Start of Block
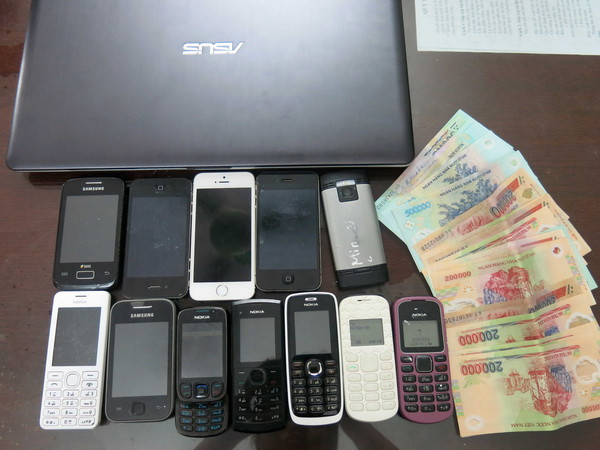 Lâm Đồng: Bắt giữ 19 đối tượng cá cược bóng đá qua tin nhắn ảnh 1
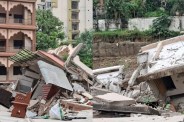 स्वामीनारायण मंदिर में गिरी तीन मंजिला इमारत, फोटो सोर्स- X वीडियो ग्रैब
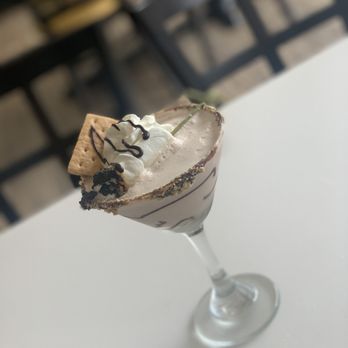 Omelet Bar - Smore's cocktail - Breakfast & Brunch Near Me - Orlando, Florida Omelet Bar - Smore's cocktail - Breakfast & Brunch Near Me - Orlando, Florida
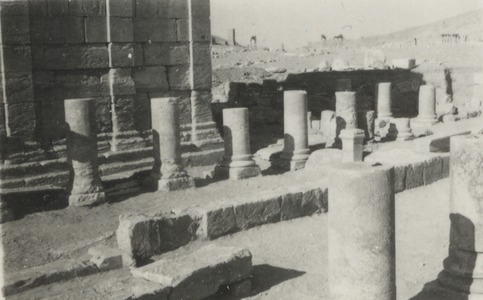 Palmyre/Tadmor, sanctuaire de Baalshamîn. Portique T 2 et salle de banquets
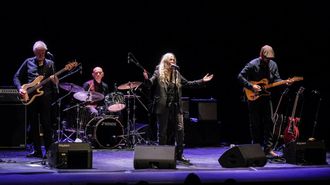 La cantante y escritora estadounidense Patti Smith ofrece este martes un concierto en Gij�n justo 50 a�os despu�s de su primera actuaci�n en Espa�a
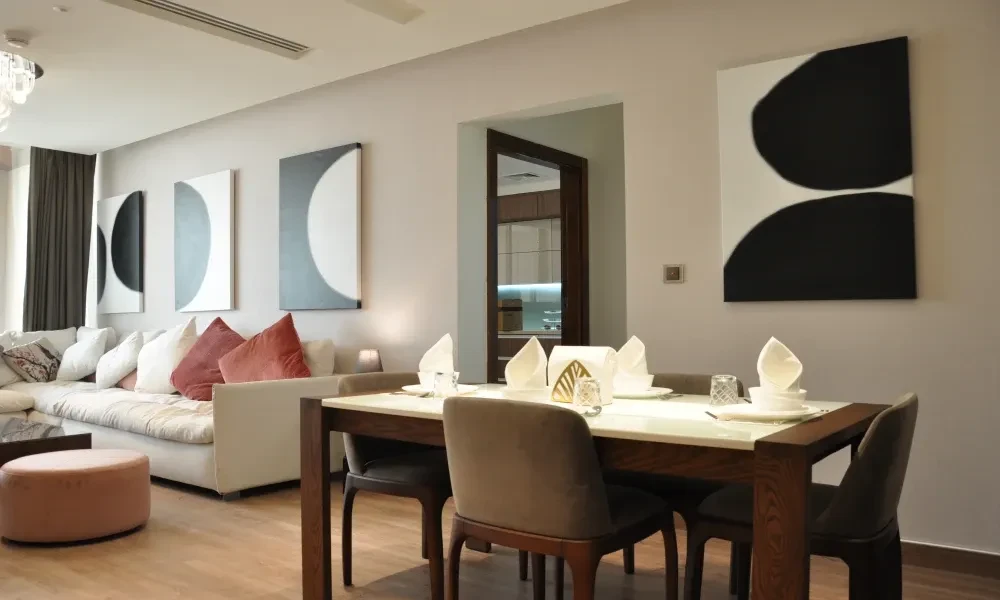 BEST RPICE | MARINA APARTMENT PLUS MAID'S ROOM - Image 10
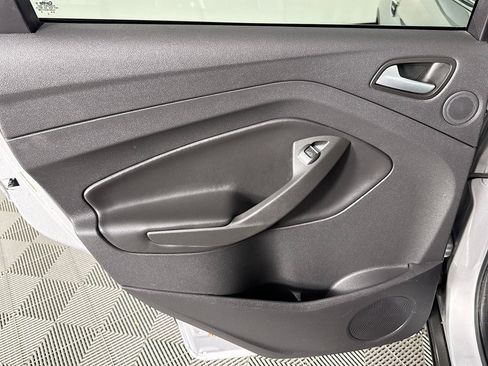Used 2017 Ford Escape Titanium AWD/4WD image 24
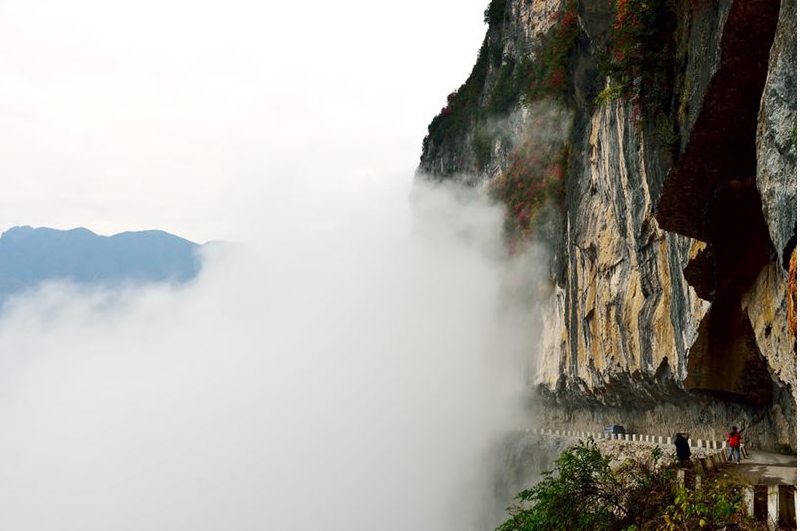【焦点图】厉害了！重庆村民自发凿出悬崖天路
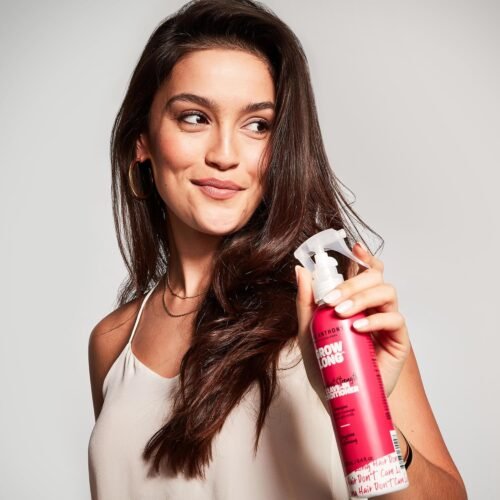 Marc Anthony Leave-In Conditioner Spray & Detangler, Grow Long Biotin - Anti-Frizz Deep Conditioner For Split Ends & Breakage - Vitamin E, Caffeine & Ginseng for Curly, Dry & Damaged Hair - Image 5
End of Block
Exercise brief =
When restating the records word for word, omit any picture they contain.

The completed task =
 Lâm Đồng: Bắt giữ 19 đối tượng cá cược bóng đá qua tin nhắn ảnh 1
 स्वामीनारायण मंदिर में गिरी तीन मंजिला इमारत, फोटो सोर्स- X वीडियो ग्रैब
 Omelet Bar - Smore's cocktail - Breakfast & Brunch Near Me - Orlando, Florida Omelet Bar - Smore's cocktail - Breakfast & Brunch Near Me - Orlando, Florida
 Palmyre/Tadmor, sanctuaire de Baalshamîn. Portique T 2 et salle de banquets
 La cantante y escritora estadounidense Patti Smith ofrece este martes un concierto en Gij�n justo 50 a�os despu�s de su primera actuaci�n en Espa�a
 BEST RPICE | MARINA APARTMENT PLUS MAID'S ROOM - Image 10
Used 2017 Ford Escape Titanium AWD/4WD image 24
【焦点图】厉害了！重庆村民自发凿出悬崖天路
 Marc Anthony Leave-In Conditioner Spray & Detangler, Grow Long Biotin - Anti-Frizz Deep Conditioner For Split Ends & Breakage - Vitamin E, Caffeine & Ginseng for Curly, Dry & Damaged Hair - Image 5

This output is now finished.